Rose T. est blonde, grosse et dévorée par un psoriasis récurrent. Elle subit les foudres de sa mère acariâtre, qu’elle dénomme Madame T., pied-noir raciste abandonnée par son mari et qui croît avoir tout sacrifié pour sa fille. Pour ne rien arranger, Madame T. est aussi son professeur principal et la flique à mort. Rose a rencontré sa seule amie, Souade, au basket quelques mois avant le drame. Elle trouve enfin de l’amour et de la tendresse chez cette amie et sa famille, mais sa mère décide, lorsqu’elle s’en rend compte, d’envoyer Rose en pension loin de Vénissieux, à Valence, dès le lundi suivant. Au cours d’une expédition photographique sur le toit de la tour de Souade, évacuée pour procéder à sa destruction (longues platitudes sur la violence du déracinement pour les habitants de ces tours), Rose pousse Souade dans le vide et la tue.
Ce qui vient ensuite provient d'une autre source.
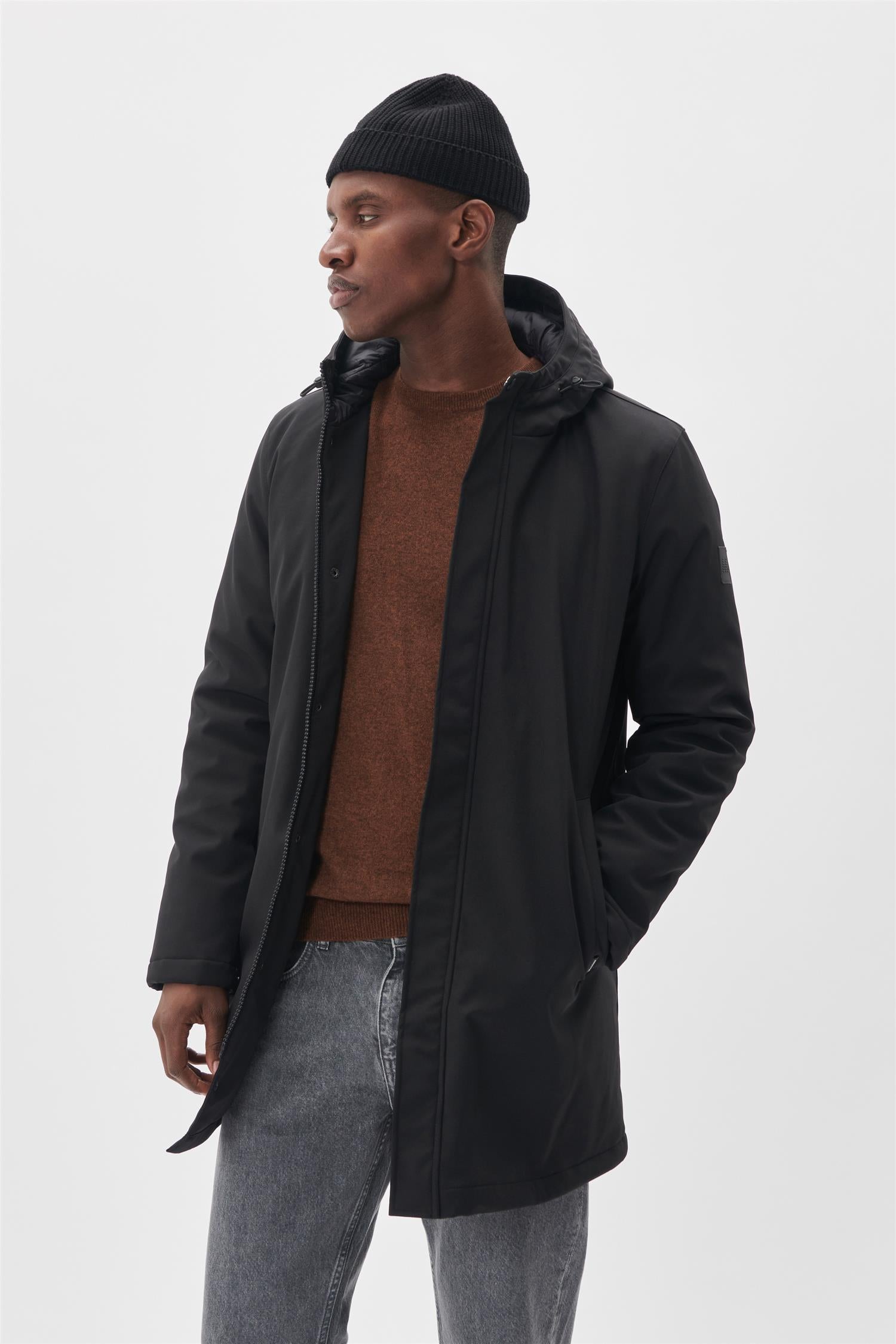 MAdeston N Black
Le juge n’arrive à lui arracher quelques mots qu’au bout de huit semaines, et le livre se conclut par sa question : « Est-ce que les morts nous pardonnent, Monsieur le juge, est-ce que les morts nous aiment ? ».
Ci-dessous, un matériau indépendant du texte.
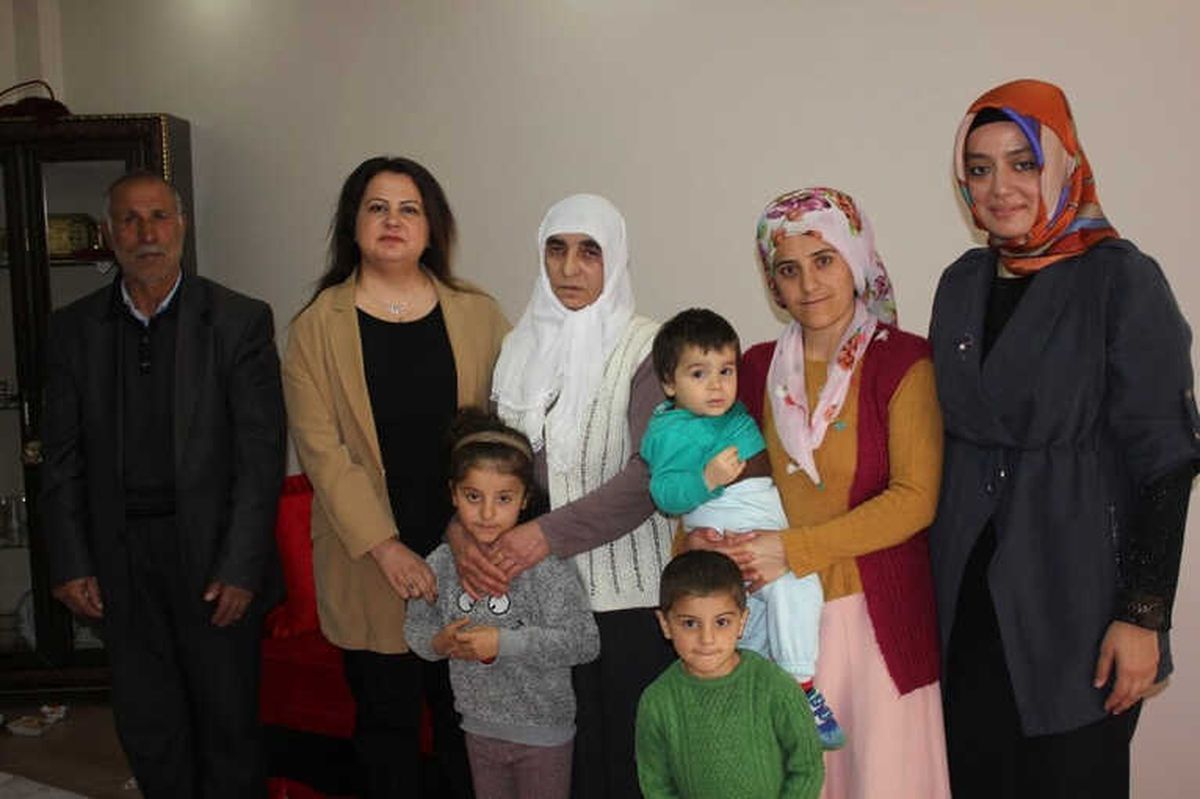 Beyza Elban\'dan Şehit Ailesine Ziyaret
Voici mon interprétation personnelle, d’une subtilité psychologique pas piquée des vers : écartelée entre l’amour de sa mère et l’amour de Souade, Rose T. avait cru entrevoir une porte de sortie en accomplissant la séparation exigée de la première, en figeant la seconde dans sa soif d’absolu (« si je tombe, je m’envolerais vers l’Algérie ») et en gardant prés d’elle, dans la mort, son amie, sa seule amie… Pas mal donc, mais les fils sont gros et le ton moral pas très fin.